Except for heatwave 2, heatwave 4, and heatwave 8, most of the heatwaves detected by different definition methods are short-term events that last only 1 to 3 days. It can be observed that the duration of HW_L_I events is generally longer than that of HW_L_M. The longest heatwaves are HW_L_I. The intensity of most short-duration HM_S_I heatwaves is lower than that of HW_L_I. Most of the most intense heatwaves are HW_L_I, and they account for a high proportion. This fully indicates that HW_L_I events stand out in terms of their influence among various types of heatwaves. The combination of high intensity and long duration often has an extremely severe impact on human health.

4.2. Results of Indoor Overheating Assessment

This section presents the evaluation results of indoor overheating, and the definitions of relevant indicators are detailed in Section 2.2.2. In this section, the indoor environment is simulated for buildings that comply with the 1995 building standards and are without air conditioning, and the overall HI of the building over a period of 71 years is calculated.
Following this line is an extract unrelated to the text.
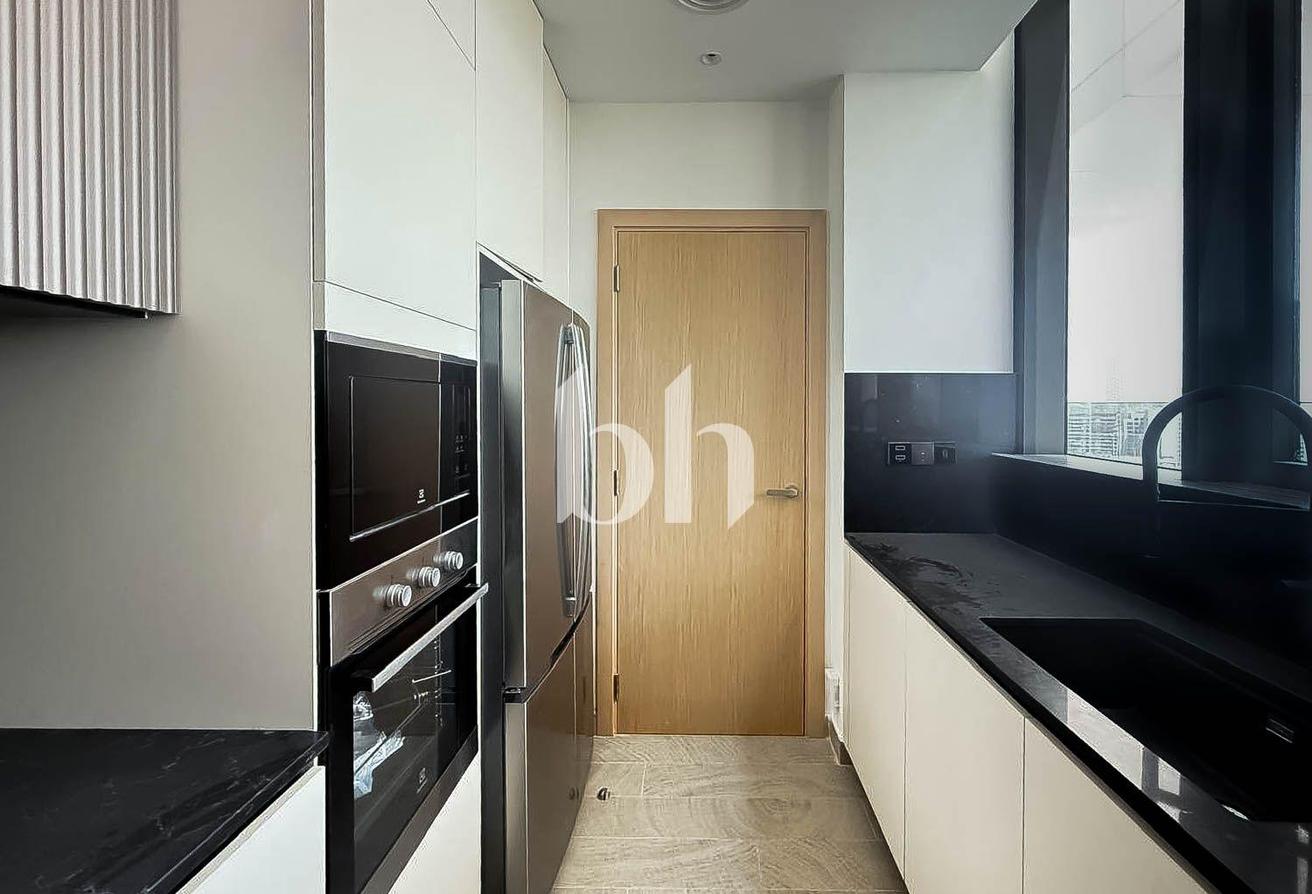 Semi-Furnished with white Goods| Ready| with Maids photo 15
The results are shown in Figure 9. According to the heat hazard classification criteria in Table 1, this figure is divided into five regions. When the HI is lower than 27 °C, it is determined to be in a safe state.

As can be seen from the Figure 9, over the 71-year period, for most of the time, the HI of this building is within the safe range below 27 °C, and the likelihood of people facing health risks due to high air temperatures is relatively low. However, it is quite common for the HI to be in the range of 27–32 °C. People who engage in activities in this environment for a long time need to be vigilant about the risks of fatigue and heat cramps. In contrast, situations where the HI exceeds 32–39 °C occur relatively less frequently. Although the HI is relatively safe most of the time, this building still frequently enters the air temperature range that warrants a warning. This also indicates that although the indoor air temperature environment is relatively comfortable in most cases, during certain periods, the hazards posed by high air temperatures still require high attention. It is worth noting that Beijing is located in northern China, with a dry climate, and the HI has not exceeded the dangerous threshold. However, in the humid and hot southern regions, the importance of the indoor air temperature situation is even more prominent. The distribution proportion of the HI in each interval shows certain fluctuations. Since 1980, the median value of the HI is mostly higher than 27 °C.
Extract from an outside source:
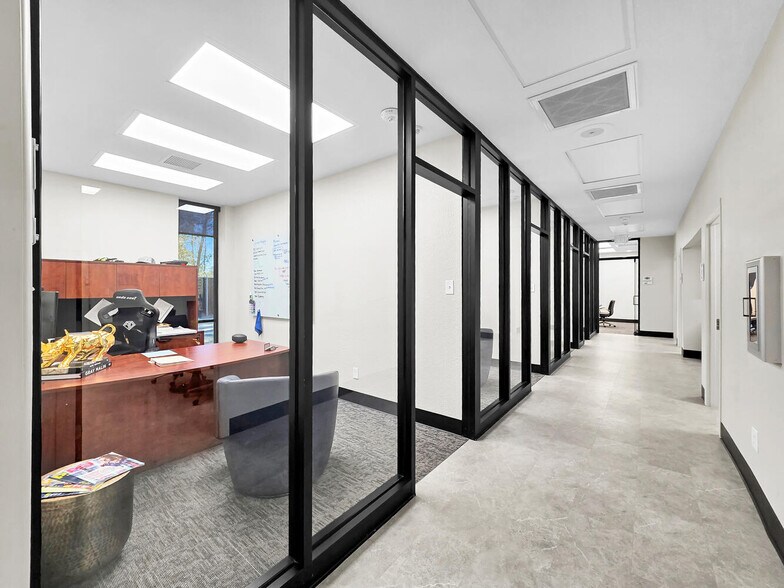 More Photos Of 3410 I-10 W, Orange Office For Sale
In the future, affected by various factors such as climate change, it is crucial to pay close attention to the indoor heatwave situation. This is not only related to the health and comfort experience of people indoors but also a key part of dealing with potential environmental risks.

4.3. Results of the Coupled Indoor and Outdoor Heatwave Assessment

4.3.1. Assessment of the Overlap Degree

This study aims to screen outdoor indicators with high accuracy. The selected indicators are required to precisely reflect the indoor overheating situation when outdoor overheating occurs and also reduce redundant outdoor overheating periods to ensure the accuracy of the results. In order to analyze the correlation characteristics of indoor and outdoor overheating, an overlap degree analysis method is adopted in this study. Considering that the overheating degree is relatively low when the indoor air temperature has a HI of 27 °C, while the overheating characteristics are more significant when it reaches 32 °C, this study uses a HI of 32 °C as the key threshold for calculating the overlap degree, aiming to more accurately capture the synchronicity pattern of indoor and outdoor overheating events.

Figure 10, taking the four main rooms on the fourth floor of the building as examples, shows the degree of coincidence between outdoor heatwave events and indoor overheating under different definitions over a period of 71 years. The higher the D1 value is, the higher the degree of coincidence of the overheating phenomenon between indoors and outdoors during the period of indoor overheating (Figure 10a). It can be seen that the D1 values of heatwave 2, heatwave 4, and heatwave 8 are nearly 100%, which means that during all periods of indoor overheating, outdoor overheating occurs simultaneously, showing a high degree of coupling between the two. Following them are heatwave 3, heatwave 5, heatwave 6, and heatwave 7, with relatively lower D1 values. In terms of the D2 index, the lower the value is, the higher the degree of coincidence of indoor and outdoor overheating (Figure 10b). The D2 values of heatwave 1, heatwave 6, heatwave 7, heatwave 9, heatwave 10, heatwave 11, and heatwave 12 are relatively low, indicating that when indoor overheating occurs, a large number of outdoor overheating situations are covered. It is worth noting that although heatwave 2, heatwave 4, and heatwave 8 can comprehensively capture indoor overheating situations, the number of screened outdoor overheating events is relatively large, presenting a certain degree of redundancy. In contrast, heatwave 6 and heatwave 7 can accurately identify indoor overheating while screening out fewer outdoor heatwave events, demonstrating higher detection efficiency and accuracy.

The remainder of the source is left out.